On pourra revivre ici les péripéties du dernier voyage et de l’ultime retour d’un écrivain casanier, qui a toujours craint les pièges et coups de poignard dans le dos, ou d’être perdu s’il s’éloignait de sa base (Philippe Jaenada, «Mon dernier voyage (je le jure)»), suivre l’escapade nostalgique, ironique et désenchantée d’un homme cherchant à échapper à un coup de vieux qui a des allures de coup de grâce (Jean-Luc Manet, «Attrape un dernier cœur»).


«Ce n’était pas une fuite, encore moins un adieu. Pas même un baroud d’honneur aux responsabilités et à la roue qui tourne. Juste le besoin de rabioter un peu de temps et – à propos de roue qui tourne – d’extraire une dernière fois le rat de sa cage.» (Jean-Luc Manet)


Un de mes plus gros coups de cœur dans ce recueil est «La lumière rend aveugle» de François Szabowski, la trajectoire désespérée mais néanmoins d’une drôlerie ultime d’un amoureux dépressif.


«Les Parisiens sont des têtards pondus dans un ficus en pot. Ils ne dorment pas. Ils clignotent fébrilement dans la ville comme une bactérie au microscope, maintenus artificiellement en vie par la caféine et les apéros afterwork. Moi je suis un animal de la forêt, aux poumons larges et aux muscles saillants, conçu pour la lutte, la survie, qui ne ménage pas sa peine pour se frayer un chemin vers le bonheur à travers la jungle de ses semblables.»


«Je me suis effondré sur l’oreiller, effaré. J’allais enfin être parfaitement heureux.
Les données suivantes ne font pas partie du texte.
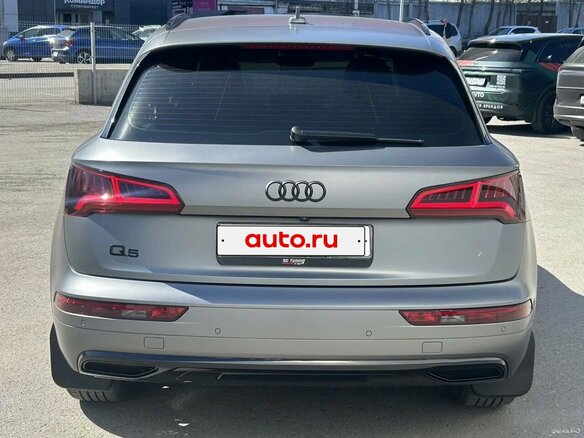 2018 Audi Q5 45 TFSI II (FY), серый, 2630000 рублей - вид 4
C’était horrible.» (François Szabowski)


J’ai aussi adoré «Au signal sonore» de Laurent Banitz, où l’usager des transports en commun est poussé dans les retranchements ultimes d’un éternel recommencement, la course poursuite hallucinée de Stéphane Monnot, dans «Le Texan, la Gouine et le Taliban (bois mort et gel hydro-alcoolique)», toujours aussi talentueux pour brosser le portrait de névrotiques sévèrement déjantés, «Le dernier fermera la porte» de Guillaume Couty qui renouvelle avec beaucoup de talent le thème de la déshumanisation des grandes organisations kafkaïennes et de l’enfermement dans les immeubles automatisés qui les abritent, la nouvelle de Gilles Marchand, «90 Watt», qui évoque avec sensibilité et une poésie étonnamment poignante, la décompensation absurde d’un quadragénaire soumis à une pression sociale trop forte à supporter pour fonder une famille.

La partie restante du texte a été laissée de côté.